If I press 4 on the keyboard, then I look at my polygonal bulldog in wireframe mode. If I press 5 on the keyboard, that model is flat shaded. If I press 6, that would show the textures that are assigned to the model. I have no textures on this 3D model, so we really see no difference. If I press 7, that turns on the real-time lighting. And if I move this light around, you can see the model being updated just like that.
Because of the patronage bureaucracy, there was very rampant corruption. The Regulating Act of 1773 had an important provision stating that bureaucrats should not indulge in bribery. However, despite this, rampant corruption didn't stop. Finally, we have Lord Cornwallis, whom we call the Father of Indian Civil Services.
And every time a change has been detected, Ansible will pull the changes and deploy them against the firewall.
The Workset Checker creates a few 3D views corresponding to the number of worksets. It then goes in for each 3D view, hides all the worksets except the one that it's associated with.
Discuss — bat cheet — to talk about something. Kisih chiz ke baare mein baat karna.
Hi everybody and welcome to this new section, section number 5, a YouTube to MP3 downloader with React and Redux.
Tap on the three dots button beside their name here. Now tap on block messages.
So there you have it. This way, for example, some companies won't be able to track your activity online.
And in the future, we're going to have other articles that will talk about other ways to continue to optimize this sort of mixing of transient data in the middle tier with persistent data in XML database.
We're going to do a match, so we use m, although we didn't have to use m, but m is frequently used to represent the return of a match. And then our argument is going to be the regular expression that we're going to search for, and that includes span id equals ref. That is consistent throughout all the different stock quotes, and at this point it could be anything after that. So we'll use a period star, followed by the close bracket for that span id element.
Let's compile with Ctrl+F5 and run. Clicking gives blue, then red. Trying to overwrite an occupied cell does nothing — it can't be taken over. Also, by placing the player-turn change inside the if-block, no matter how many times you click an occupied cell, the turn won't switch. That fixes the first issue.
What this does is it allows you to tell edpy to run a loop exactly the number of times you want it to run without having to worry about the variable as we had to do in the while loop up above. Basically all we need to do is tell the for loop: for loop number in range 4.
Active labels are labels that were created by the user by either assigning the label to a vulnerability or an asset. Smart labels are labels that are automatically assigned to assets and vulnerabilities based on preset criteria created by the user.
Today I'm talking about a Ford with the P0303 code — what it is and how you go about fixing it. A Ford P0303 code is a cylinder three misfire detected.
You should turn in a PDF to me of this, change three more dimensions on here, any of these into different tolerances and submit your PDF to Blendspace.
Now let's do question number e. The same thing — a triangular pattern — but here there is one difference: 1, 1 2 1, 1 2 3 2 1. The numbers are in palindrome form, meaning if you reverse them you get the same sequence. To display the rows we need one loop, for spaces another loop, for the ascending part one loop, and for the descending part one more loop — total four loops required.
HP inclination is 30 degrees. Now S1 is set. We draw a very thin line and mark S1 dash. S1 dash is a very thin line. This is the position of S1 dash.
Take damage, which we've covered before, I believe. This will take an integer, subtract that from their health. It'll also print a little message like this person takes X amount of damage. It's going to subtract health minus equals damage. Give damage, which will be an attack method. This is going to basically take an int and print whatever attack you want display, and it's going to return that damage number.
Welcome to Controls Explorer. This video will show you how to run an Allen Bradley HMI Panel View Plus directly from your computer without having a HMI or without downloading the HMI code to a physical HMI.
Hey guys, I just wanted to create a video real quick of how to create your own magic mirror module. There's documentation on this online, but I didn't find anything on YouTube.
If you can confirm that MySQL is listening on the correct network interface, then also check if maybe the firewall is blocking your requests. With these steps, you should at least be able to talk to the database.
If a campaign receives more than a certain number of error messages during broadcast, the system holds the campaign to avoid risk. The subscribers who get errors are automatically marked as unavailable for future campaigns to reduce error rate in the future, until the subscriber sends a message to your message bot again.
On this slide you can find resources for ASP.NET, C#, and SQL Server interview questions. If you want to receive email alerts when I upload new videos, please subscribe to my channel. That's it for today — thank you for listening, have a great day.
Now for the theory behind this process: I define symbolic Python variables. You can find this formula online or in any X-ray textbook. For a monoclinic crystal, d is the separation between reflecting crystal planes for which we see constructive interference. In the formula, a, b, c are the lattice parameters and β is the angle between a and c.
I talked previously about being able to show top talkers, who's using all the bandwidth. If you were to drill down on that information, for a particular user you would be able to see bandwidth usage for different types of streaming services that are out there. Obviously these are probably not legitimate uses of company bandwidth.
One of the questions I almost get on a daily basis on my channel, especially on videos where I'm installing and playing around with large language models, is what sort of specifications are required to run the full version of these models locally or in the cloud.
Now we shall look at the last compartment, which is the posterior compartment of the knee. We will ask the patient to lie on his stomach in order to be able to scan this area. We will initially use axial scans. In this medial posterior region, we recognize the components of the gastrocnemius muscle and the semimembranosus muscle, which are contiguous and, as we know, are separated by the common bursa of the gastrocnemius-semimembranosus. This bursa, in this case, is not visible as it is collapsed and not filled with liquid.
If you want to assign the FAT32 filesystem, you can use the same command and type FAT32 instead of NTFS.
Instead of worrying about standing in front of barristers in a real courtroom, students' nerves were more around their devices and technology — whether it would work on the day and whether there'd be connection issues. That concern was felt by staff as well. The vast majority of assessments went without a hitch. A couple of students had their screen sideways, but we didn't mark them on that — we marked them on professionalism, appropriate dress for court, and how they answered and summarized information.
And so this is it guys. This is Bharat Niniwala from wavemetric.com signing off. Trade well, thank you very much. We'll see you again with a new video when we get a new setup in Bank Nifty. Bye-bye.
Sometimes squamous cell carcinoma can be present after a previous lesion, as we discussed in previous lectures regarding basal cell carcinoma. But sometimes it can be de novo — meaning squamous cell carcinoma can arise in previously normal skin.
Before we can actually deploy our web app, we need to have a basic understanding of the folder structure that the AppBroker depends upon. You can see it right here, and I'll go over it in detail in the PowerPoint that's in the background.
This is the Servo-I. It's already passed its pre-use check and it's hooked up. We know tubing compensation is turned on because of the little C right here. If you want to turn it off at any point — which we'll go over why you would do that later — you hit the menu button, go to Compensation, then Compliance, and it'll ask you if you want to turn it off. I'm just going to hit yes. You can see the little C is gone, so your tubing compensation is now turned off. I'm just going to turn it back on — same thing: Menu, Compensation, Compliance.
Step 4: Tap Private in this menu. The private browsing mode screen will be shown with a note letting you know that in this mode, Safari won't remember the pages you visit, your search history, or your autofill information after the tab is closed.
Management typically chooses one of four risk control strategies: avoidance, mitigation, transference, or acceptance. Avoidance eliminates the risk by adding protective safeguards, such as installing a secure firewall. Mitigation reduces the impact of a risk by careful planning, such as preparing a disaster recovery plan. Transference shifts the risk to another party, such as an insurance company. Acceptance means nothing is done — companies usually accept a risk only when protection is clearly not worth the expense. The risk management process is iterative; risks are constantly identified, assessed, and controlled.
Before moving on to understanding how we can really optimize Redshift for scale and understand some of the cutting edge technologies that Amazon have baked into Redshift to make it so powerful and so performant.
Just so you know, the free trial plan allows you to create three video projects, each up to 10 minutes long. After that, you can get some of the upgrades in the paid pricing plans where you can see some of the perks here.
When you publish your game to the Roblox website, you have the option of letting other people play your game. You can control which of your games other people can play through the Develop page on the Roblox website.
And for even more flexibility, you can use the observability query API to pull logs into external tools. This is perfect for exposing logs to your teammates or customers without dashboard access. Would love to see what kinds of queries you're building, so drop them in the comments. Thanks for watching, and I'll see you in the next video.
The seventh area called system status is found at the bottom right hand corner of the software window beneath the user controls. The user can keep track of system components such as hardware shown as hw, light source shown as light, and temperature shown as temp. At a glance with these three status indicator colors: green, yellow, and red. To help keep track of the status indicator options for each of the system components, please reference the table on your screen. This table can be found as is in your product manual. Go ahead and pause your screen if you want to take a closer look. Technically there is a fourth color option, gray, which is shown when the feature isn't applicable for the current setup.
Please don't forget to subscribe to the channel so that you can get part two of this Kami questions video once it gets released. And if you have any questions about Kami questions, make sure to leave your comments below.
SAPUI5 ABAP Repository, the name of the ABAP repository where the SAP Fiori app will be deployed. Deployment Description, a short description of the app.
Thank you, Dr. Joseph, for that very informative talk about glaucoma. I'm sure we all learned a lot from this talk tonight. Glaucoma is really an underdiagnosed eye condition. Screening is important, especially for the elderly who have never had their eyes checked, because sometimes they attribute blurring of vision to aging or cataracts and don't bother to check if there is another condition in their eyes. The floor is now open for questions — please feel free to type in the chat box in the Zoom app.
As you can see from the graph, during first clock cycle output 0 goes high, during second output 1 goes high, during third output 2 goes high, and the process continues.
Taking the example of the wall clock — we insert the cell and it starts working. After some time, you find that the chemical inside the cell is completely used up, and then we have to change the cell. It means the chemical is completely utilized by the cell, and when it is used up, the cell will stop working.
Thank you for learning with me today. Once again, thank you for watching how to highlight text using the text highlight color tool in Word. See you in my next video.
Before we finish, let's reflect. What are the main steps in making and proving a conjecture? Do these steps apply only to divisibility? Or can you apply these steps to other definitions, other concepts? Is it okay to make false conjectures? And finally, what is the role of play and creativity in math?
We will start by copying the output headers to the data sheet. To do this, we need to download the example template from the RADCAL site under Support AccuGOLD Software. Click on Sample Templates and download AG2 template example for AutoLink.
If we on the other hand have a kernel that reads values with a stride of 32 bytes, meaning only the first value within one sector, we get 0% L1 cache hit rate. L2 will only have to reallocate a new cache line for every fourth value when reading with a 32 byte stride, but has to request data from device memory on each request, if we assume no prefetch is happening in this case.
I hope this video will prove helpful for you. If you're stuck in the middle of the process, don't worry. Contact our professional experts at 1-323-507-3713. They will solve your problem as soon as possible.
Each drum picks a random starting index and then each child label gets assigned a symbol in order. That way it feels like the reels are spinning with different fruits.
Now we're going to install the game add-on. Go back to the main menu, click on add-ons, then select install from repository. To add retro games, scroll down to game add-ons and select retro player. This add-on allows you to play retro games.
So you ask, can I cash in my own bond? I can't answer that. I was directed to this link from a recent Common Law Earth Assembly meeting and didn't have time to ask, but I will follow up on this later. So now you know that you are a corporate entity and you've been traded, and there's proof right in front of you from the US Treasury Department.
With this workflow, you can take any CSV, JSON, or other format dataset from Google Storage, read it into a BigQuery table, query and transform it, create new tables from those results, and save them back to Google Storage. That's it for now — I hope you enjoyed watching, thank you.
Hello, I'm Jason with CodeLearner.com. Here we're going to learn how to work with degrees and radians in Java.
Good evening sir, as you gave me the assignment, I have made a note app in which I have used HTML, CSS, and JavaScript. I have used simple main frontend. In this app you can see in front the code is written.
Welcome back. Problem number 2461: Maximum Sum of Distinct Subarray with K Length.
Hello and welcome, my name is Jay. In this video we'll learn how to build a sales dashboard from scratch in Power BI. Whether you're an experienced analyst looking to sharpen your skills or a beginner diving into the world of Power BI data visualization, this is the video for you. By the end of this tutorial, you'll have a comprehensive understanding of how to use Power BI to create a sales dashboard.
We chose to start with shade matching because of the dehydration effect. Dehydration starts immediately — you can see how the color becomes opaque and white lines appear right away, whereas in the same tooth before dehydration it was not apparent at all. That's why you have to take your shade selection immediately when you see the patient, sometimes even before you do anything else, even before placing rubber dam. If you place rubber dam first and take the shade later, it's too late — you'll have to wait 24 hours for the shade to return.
□ □ □ □
▶ **EXERCISE AIM**:
Count of lines holding the string "sort": please work it out for the entries above and give the number alone.

▶ **ANSWER FOR THIS EXERCISE**:
2